Metadata Extraction and Transform Engines - Alfresco Content Services - 23.4 - 23.4 - Ready - Alfresco - external

Alfresco Content Services

Platform
Alfresco
Product
Alfresco Content Services
Release
23.4
License

The extraction of metadata in the repository is performed in T-Engines (transform engines). Prior to Content Services version 7, it was performed inside the repository. T-Engines provide improved scalability, stability, security and flexibility. New extractors may be added without the need for a new Content Services release or applying an AMP on top of the repository (i.e. alfresco.war).

The Content Services version 6 framework for creating metadata extractors that run as part of the repository still exists, so existing AMPs that add extractors will still work as long as there is not an extractor in a T-Engine that claims to do the same task. The framework is deprecated and could well be removed in a future release.

This page describes how metadata extraction and embedding works, so that it is possible to add a custom T-Engine to do other types. It also lists the various extractors that have been moved to T-Engines.

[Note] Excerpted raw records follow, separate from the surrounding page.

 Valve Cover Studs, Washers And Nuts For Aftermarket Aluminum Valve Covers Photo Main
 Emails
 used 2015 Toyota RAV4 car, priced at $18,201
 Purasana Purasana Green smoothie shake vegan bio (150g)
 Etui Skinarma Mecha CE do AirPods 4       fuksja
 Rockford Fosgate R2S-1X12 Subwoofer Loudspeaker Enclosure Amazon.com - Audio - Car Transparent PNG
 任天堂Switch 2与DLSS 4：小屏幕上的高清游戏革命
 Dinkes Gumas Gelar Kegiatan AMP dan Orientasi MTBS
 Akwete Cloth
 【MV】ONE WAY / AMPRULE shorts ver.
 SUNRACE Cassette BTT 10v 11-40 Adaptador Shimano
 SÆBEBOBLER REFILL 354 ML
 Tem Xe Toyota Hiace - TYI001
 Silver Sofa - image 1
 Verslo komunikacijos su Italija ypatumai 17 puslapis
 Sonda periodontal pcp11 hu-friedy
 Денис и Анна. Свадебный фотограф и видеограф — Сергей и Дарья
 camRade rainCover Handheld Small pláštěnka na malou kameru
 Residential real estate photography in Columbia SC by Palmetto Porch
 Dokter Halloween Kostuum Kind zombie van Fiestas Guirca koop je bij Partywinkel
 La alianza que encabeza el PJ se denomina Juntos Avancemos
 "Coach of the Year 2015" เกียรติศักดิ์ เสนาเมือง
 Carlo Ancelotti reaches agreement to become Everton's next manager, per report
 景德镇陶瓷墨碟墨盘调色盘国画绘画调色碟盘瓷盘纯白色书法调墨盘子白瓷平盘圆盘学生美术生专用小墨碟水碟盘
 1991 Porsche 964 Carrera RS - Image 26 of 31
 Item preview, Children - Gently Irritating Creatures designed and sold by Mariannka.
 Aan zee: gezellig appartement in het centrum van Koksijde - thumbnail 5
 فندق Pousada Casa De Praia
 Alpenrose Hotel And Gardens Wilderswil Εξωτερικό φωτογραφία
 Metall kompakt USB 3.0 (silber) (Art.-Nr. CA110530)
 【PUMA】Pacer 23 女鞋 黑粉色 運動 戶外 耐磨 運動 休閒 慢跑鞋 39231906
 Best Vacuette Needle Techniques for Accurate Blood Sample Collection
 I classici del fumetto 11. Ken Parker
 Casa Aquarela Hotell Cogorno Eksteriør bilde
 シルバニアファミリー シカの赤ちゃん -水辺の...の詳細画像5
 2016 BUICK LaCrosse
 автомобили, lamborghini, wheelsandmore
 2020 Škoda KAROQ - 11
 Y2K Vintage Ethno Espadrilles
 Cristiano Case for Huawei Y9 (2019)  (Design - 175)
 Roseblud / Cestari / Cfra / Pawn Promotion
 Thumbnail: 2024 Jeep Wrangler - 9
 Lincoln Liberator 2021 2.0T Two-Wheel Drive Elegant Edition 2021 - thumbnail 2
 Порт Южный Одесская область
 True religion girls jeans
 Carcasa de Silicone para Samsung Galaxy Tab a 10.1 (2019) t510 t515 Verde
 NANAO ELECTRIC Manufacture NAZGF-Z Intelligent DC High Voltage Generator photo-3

A framework for embedding metadata into a file was provided as part of the repository prior to Content Services version 7. This too still exists, but has been deprecated. Even though the content repository did not provide any out of the box implementations, the embedding framework of metadata via T-Engines exists.

In the case of an extract, the T-Engine returns a JSON file that contains name value pairs. The names are fully qualified QNames of properties on the source node. The values are the metadata values extracted from the content. The transform defines the mapping of metadata values to properties. Once returned to the repository, the properties are automatically set.

In the case of an embed, the T-Engine takes name value pairs from the transform options, maps them to metadata values which are then updated in the supplied content. The content is then returned to the content repository and the node is updated.